§ What this task involves
From the line containing "this 1270×952 image." to the last line of the data, both included, transcribe each line exactly, leaving out pictures and adding nothing.

= = = =

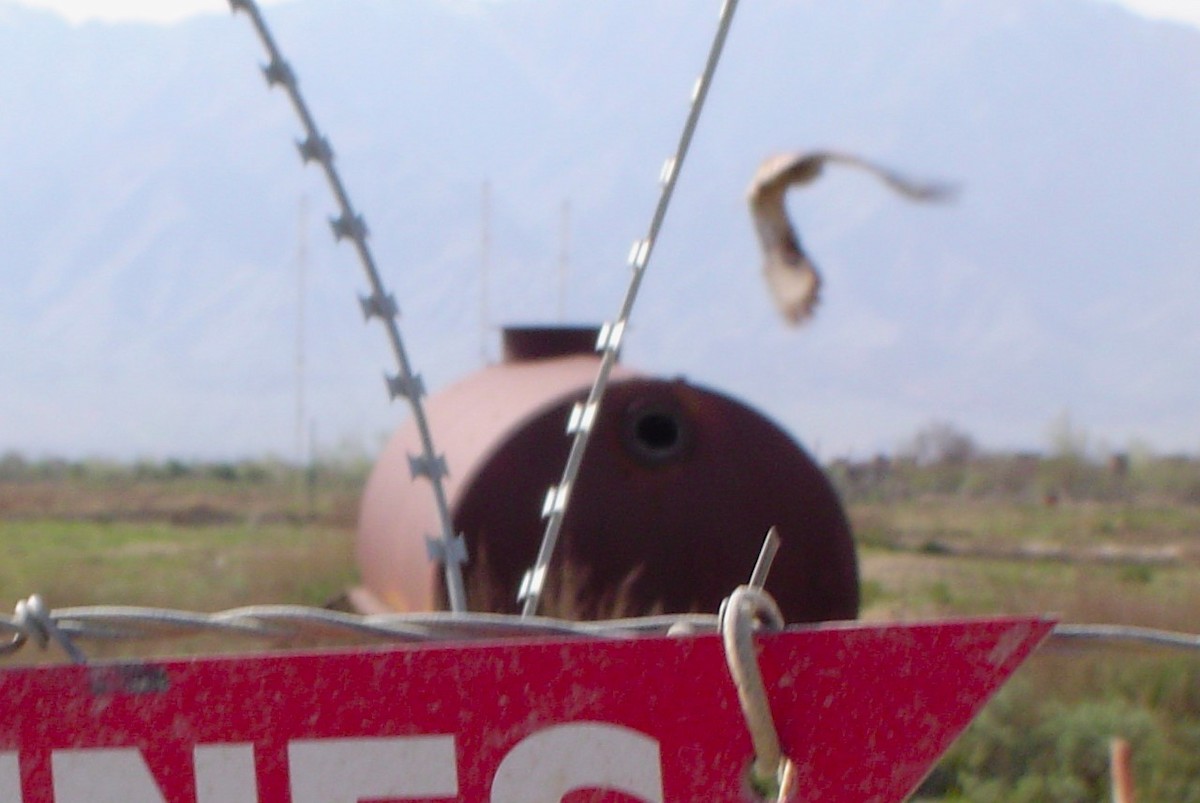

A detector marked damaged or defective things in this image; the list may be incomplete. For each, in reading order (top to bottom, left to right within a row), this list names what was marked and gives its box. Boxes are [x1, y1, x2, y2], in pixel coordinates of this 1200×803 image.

rusty metal tank [350, 324, 859, 619]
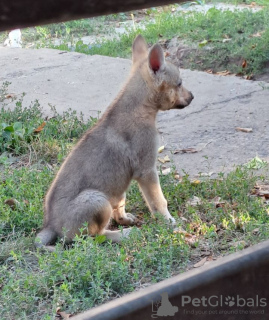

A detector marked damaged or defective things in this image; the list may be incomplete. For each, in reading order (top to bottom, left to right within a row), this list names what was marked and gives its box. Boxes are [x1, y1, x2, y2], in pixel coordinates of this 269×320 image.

rusty metal bar [0, 0, 184, 31]
rusty metal bar [73, 241, 268, 320]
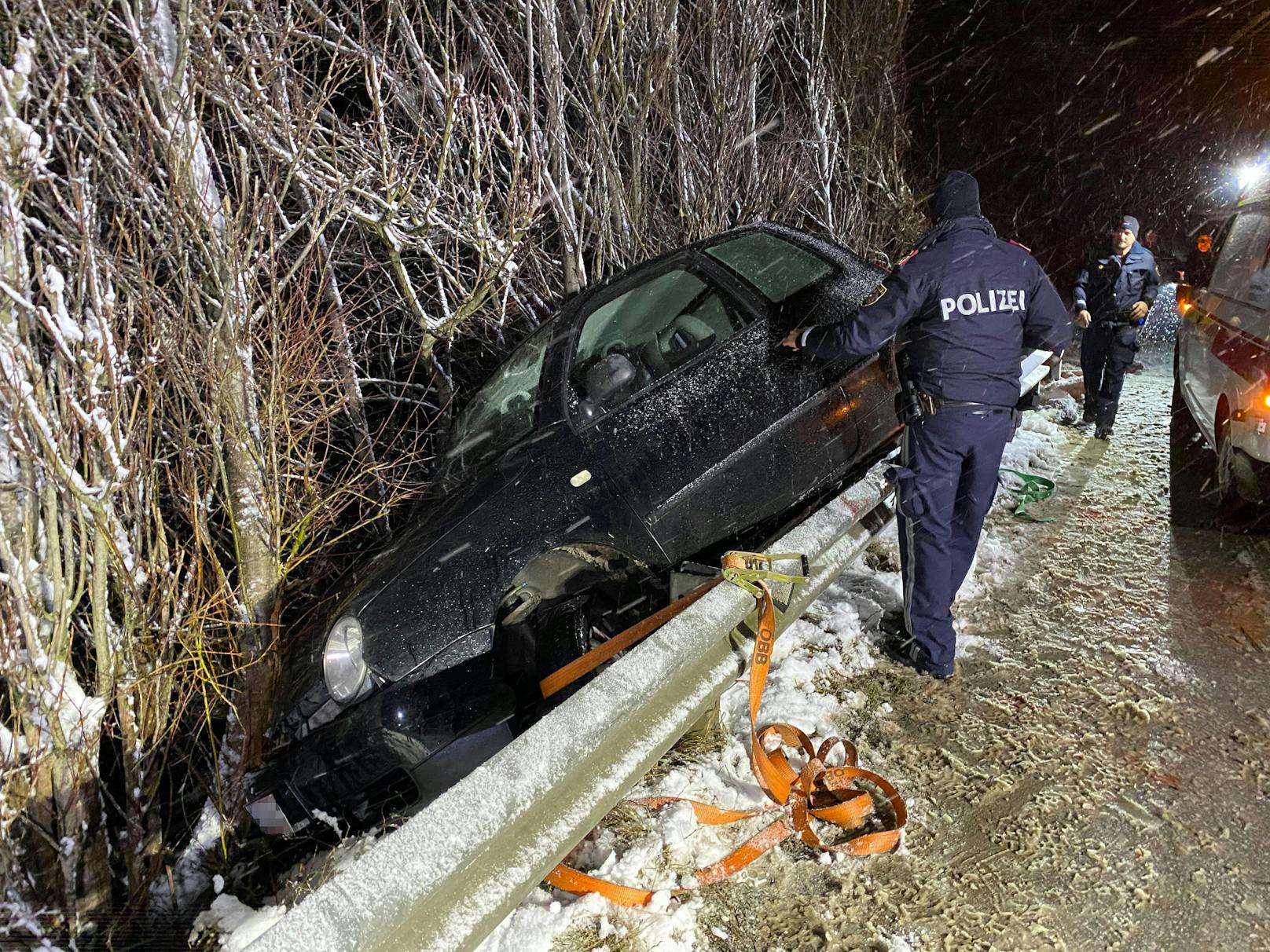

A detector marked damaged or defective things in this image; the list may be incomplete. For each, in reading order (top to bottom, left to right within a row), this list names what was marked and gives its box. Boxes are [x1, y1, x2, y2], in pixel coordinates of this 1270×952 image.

damaged guardrail [248, 462, 899, 952]
crashed black car [248, 223, 905, 836]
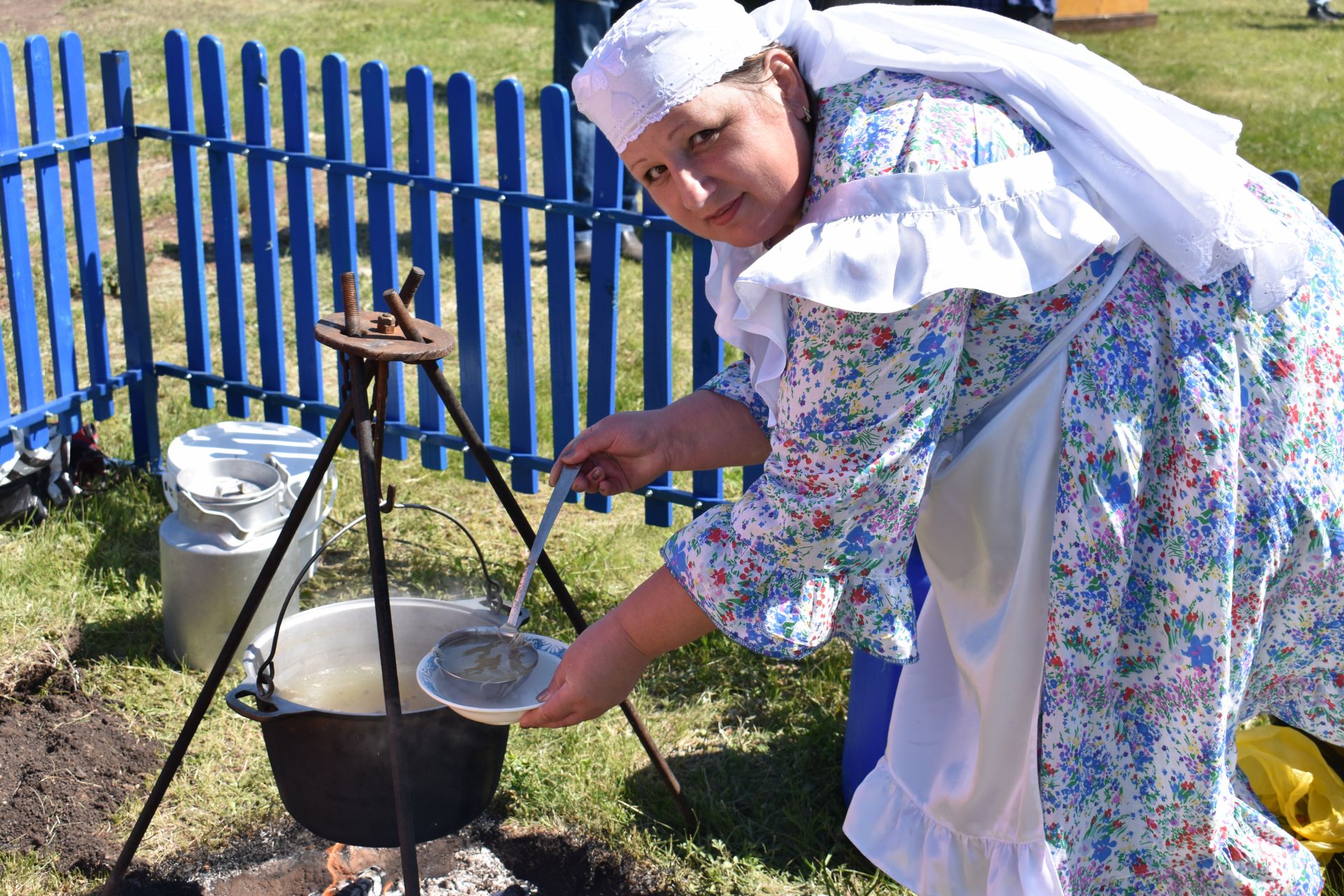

= = = =

§ Task result
A detector marked damaged or defective things in this image; the list may be incomplete. For each, in reading order (top to bottom, left to right within a row), this list names what was marked and gives its box. Boxes are [x1, y1, x2, y2], in pixel coordinates of this 1270×952 image.

damaged guardrail [248, 462, 899, 952]
crashed black car [248, 223, 905, 836]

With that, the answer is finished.